Wednesday, 28 January 2009

Touching base......

So, I've been back at work for 3 days now, and boy have they been busy. It's like I've never been away. As quickly as you think you've finished something, another piece of work turns up. It's never ending, and very tiring! Still, it keeps me out of trouble!

I've only got one more day before my next scan, which I'm excited but VERY nervous about. I'm praying that all will be fabulous, and that with a bit of luck, we'll get to find out the baby's sex.

Anyway, my husband and I have been discussing our options regarding my son's education. I would prefer him to go to school, but my husband is very interested in home schooling him. I'm not too keen on this, but he has been doing a lot of research in to it and is growing more and more in favour of this. So, if possible, can you give me your opinion on this subject. I'd especially like to hear from parents who have home schooled or are considering home schooling. All opinions will be warmly welcomed!

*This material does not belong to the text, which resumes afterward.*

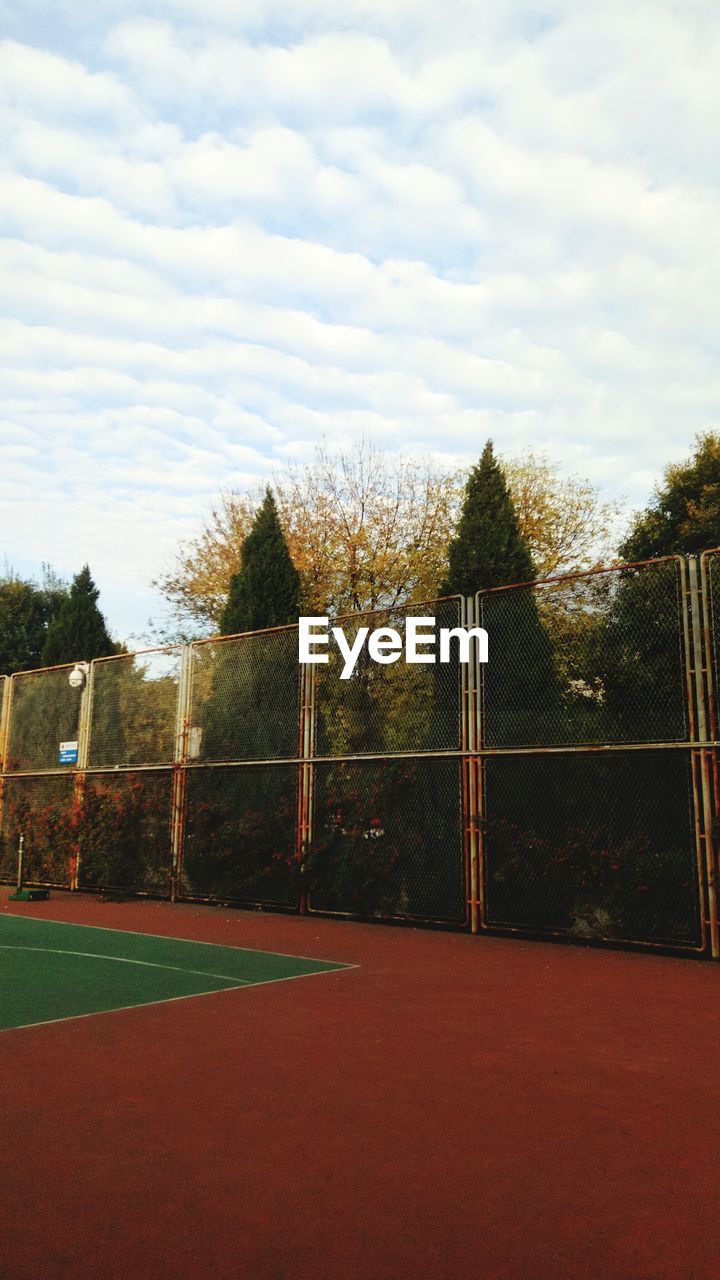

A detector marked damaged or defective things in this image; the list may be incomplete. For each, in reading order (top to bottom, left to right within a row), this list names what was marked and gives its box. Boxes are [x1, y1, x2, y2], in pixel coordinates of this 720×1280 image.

Will update with details of the next scan etc.....

xxx

Saturday, 24 January 2009

The potty antics continue.....

As I mentioned previously, we have been trying to potty train my son. Well, so far so good! He will use the potty all the time when he is at home, even when he has bottoms on, usually! He's even starting to do number 2's in the potty now...yippeee!!!

Now to the difficult bit, how do I get him to go outside without a nappy on, keep dry and tell me when he needs to go? I've been using training pants wherever possible, but he doesn't tell me that he needs to go, he just goes! Any suggestions are very welcome!

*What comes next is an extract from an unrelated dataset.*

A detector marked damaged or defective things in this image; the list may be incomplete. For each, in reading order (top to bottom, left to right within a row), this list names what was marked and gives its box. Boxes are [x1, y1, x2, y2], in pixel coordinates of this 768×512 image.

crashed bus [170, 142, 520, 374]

So, today we're going to the cemetary to tend to my daughters grave. It's nice to be able to visit and spend time with her, but at the same time, an awful experience that no one should have to go through. Nevertheless, this is something that we must do as her parents. We will never forget, nor neglect her.

I'm back to work on Monday after a restful week off. I can certainly say that I'm not looking forward to it! I've been getting used to pottering around, spending time with my husband and son and generally just chilling. Oh well, that's life eh?

xxx

Thursday, 22 January 2009

Bubba says hello.....

My husband, son and I were just listening to the baby's hearbeat when I felt my first 'proper' kick!! I was so excited, I thought I'd share it with you!! We managed to capture the heartbeat and the kick, so here it is..........

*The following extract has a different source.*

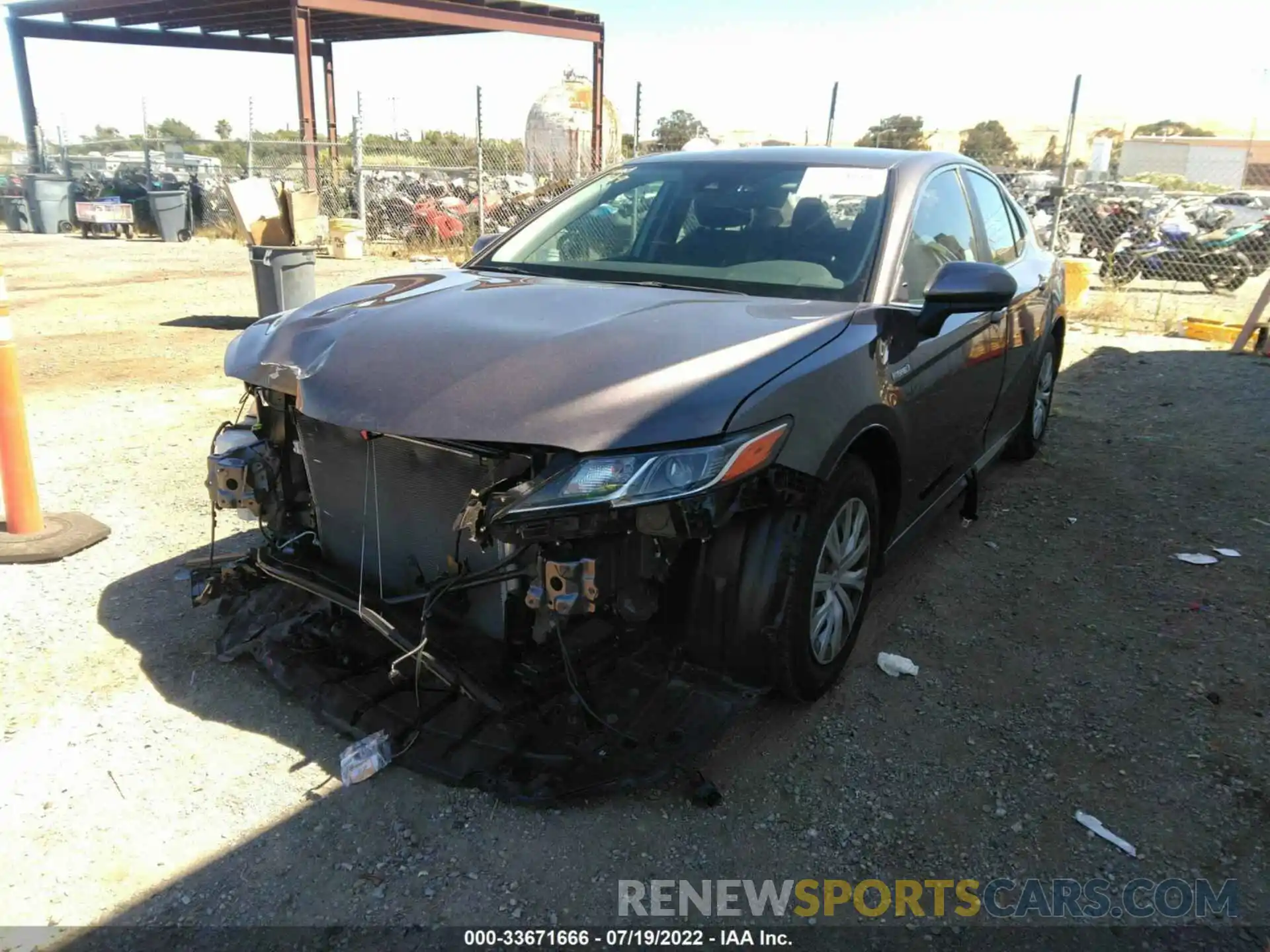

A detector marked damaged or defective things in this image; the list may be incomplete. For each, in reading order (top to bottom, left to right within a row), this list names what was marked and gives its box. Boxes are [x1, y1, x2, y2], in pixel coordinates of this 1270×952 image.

The first kick is at 12 secs, the second (the one I felt!) is at 20 secs, and the third is at 44 secs.



By they way, I mentioned previously that my next scan was on the 26th. Well, I received a call from the hospital informing me that my consultant won't be in on that day, so they've moved my appointment to the 30th. I was a bit gutted because it means I have to wait an extra 4 days before we get to see bubba again. Oh well,will give you an update then.

xxx

Monday, 19 January 2009

Why?

I've been looking around lately at the experience of some other families who have been diagnosed with a hydrops baby like mine. Many have opted, as I did, to fight for their baby's life. Some, however, have chosen to abort their baby. I personally have a hard time understanding this, primarily because I belive all life is sacred, no matter what. I also feel that the healing process and coming to terms with the situation is made easier if the pregnancy comes to a natural conclusion. And besides, even though the doctors say there is no chance, doesn't always mean they are right. Just ask some of the baby's out there who have survived inspite of the odds they were given!!

In addition, I am confused by taking this decision when a family have been told that there is no chance of survival. Surely it is more humane to all concerned to allow the baby to die naturally, as opposed to the alternative, which I understand is incredibly traumatic to both mum AND baby?

Many may not agree with me, but that's how I feel. I can appreciate how hard it is to come to a decision like that, but I personally could never end a pregnancy, regardless of what the outcome may be. That's just me. I'm not judging, just voicing an opinion.